I have got a rabbit on his own and i haven't got him a friend, he has been on his own for 4 years now and i wouldn't get another one as he is not the friendliest of rabbits by any means, my cat will go and sit in his hutch with him when she wants too, they have never hurt each other at all. 

I would be more worried of my rabbit hurting my cat not the other way round.


----------



## MrRustyRead (Mar 14, 2011)

yer they were both neutered


----------



## MrRustyRead (Mar 14, 2011)

KathrynH said:


> I have got a rabbit on his own and i haven't got him a friend, he has been on his own for 4 years now and i wouldn't get another one as he is not the friendliest of rabbits by any means, my cat will go and sit in his hutch with him when she wants too, they have never hurt each other at all.
> 
> I would be more worried of my rabbit hurting my cat not the other way round.


mine is the same, but its funny coz the cats are scared of him, but he is about the same size as two of them. he does sometime worry them so i quickly pull him away


----------



## Guest (May 22, 2011)

KathrynH said:


> I have got a rabbit on his own and i haven't got him a friend, he has been on his own for 4 years now and i wouldn't get another one as he is not the friendliest of rabbits by any means, my cat will go and sit in his hutch with him when she wants too, they have never hurt each other at all.
> 
> I would be more worried of my rabbit hurting my cat not the other way round.


Yes my cat is more worried about the rabbits than the other way BUT all it takes is one scratch.


----------



## Guest (May 22, 2011)

jimbo_28_02 said:


> they were both on separate occasions, he used to live with another bunny but sadly she died of old age which left me heart broken, so my parents dont really want me getting another as i got that upset.
> 
> but when i go away to uni im hoping he comes with me as if not he is going to just be left in his hutch with my family looking after him. so if he does it will be easier to introduce a new one as it will be completely new territory.


If he can travel with you to uni, why can't he travel to be bonded?


----------



## purple_x (Dec 29, 2010)

I had a rabbit just like yours, she was evil! I got her from a rescue that said it would be impossible to bond her with any other bunny but you know what? I managed to bond her with a male on the first try, so I have no idea what the lady at the rescue had been doing for it not to work!

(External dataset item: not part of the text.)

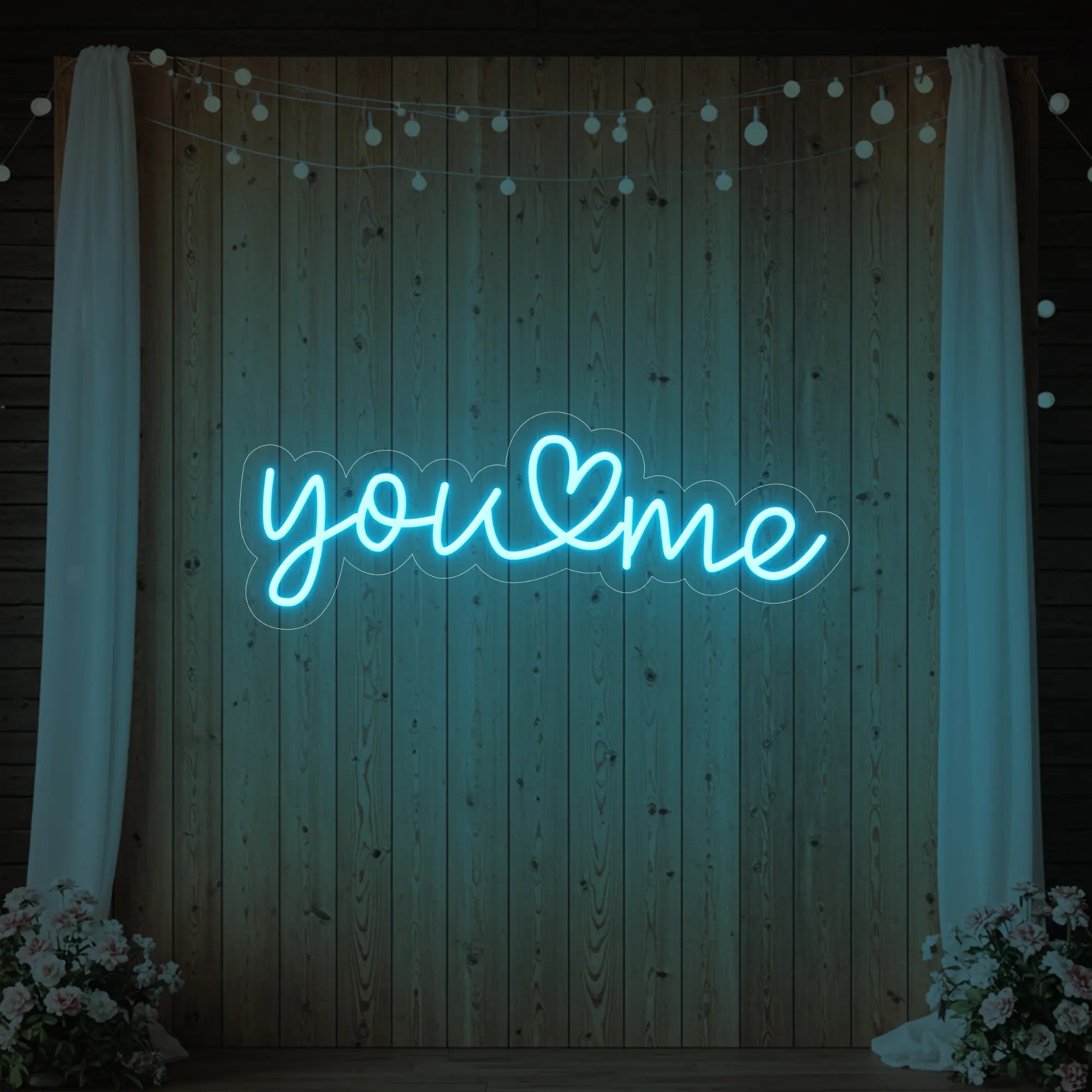 'You Heart Me' neon sign glowing in ice blue against a styled interior wall.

I dont believe any rabbit should be kept alone. 
You need to find a decent rescue and let them help you find the right partner for your rabbit. Just like humans rabbits aren't going to get along with everyone, it's just about finding the right partner for him.

And sometimes what looks like aggression is just normal bonding behaviour so getting someone to bond for you would be best.

Please dont leave your bunny all alone, having cat or human company will never compare to that of another bun.


----------



## Guest (May 22, 2011)

B3rnie said:


> Yes my cat is more worried about the rabbits than the other way BUT all it takes is one scratch.


Yes totally agree but i know my cat and she is the biggest softie going when it comes to barney, he is a beast.


----------



## MrRustyRead (Mar 14, 2011)

B3rnie said:


> If he can travel with you to uni, why can't he travel to be bonded?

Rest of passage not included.